(WORKING DATA)
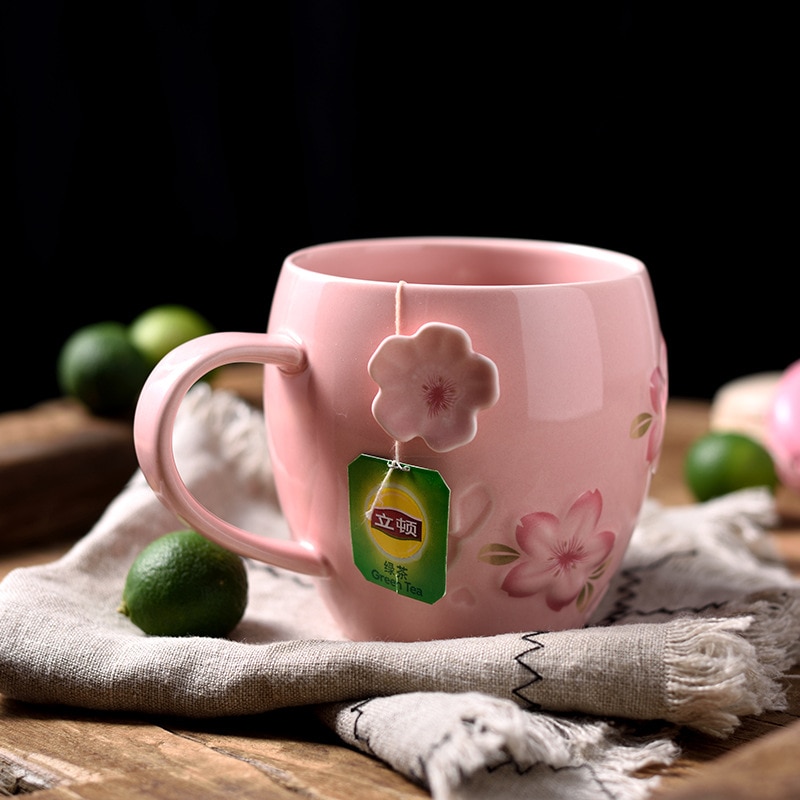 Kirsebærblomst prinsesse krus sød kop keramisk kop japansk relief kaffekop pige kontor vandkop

==

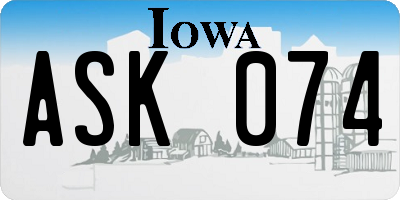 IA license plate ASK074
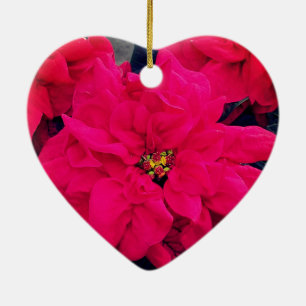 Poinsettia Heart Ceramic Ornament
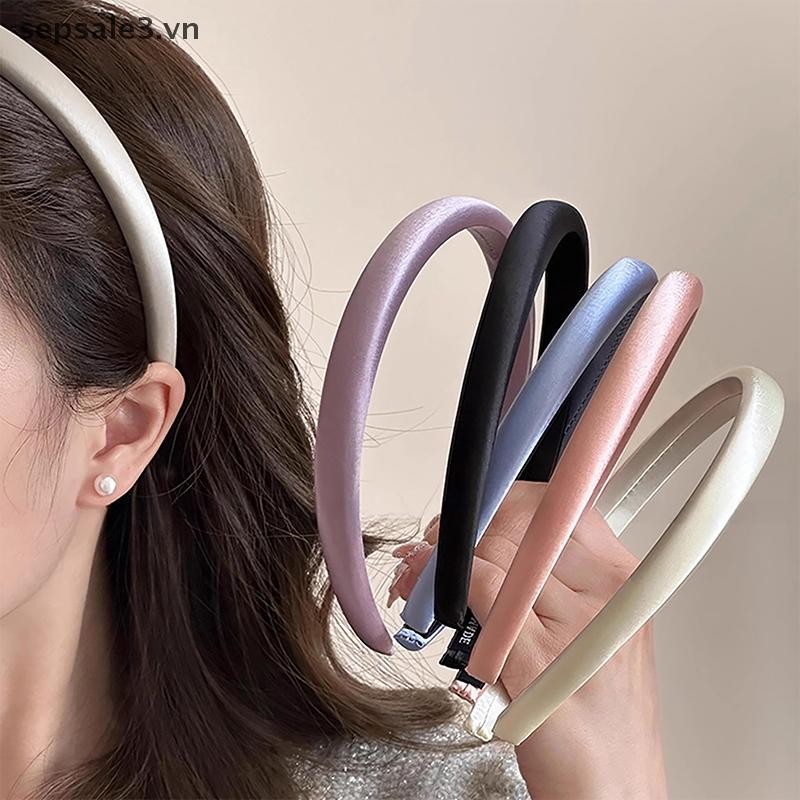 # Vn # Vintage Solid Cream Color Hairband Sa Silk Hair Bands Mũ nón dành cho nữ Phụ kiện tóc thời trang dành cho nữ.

...

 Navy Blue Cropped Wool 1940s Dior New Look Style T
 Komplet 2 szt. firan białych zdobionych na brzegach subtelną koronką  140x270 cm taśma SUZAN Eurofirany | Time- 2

(TASK ITEM) Find where the line with "Poinsettia Heart Ceramic Ornament" sits in the material above and where the line with "# Vn # Vintage" sits. Set down exactly the lines from the first to the second, both included and nothing else, without pictures.

(TASK RESPONSE)
 Poinsettia Heart Ceramic Ornament
 # Vn # Vintage Solid Cream Color Hairband Sa Silk Hair Bands Mũ nón dành cho nữ Phụ kiện tóc thời trang dành cho nữ.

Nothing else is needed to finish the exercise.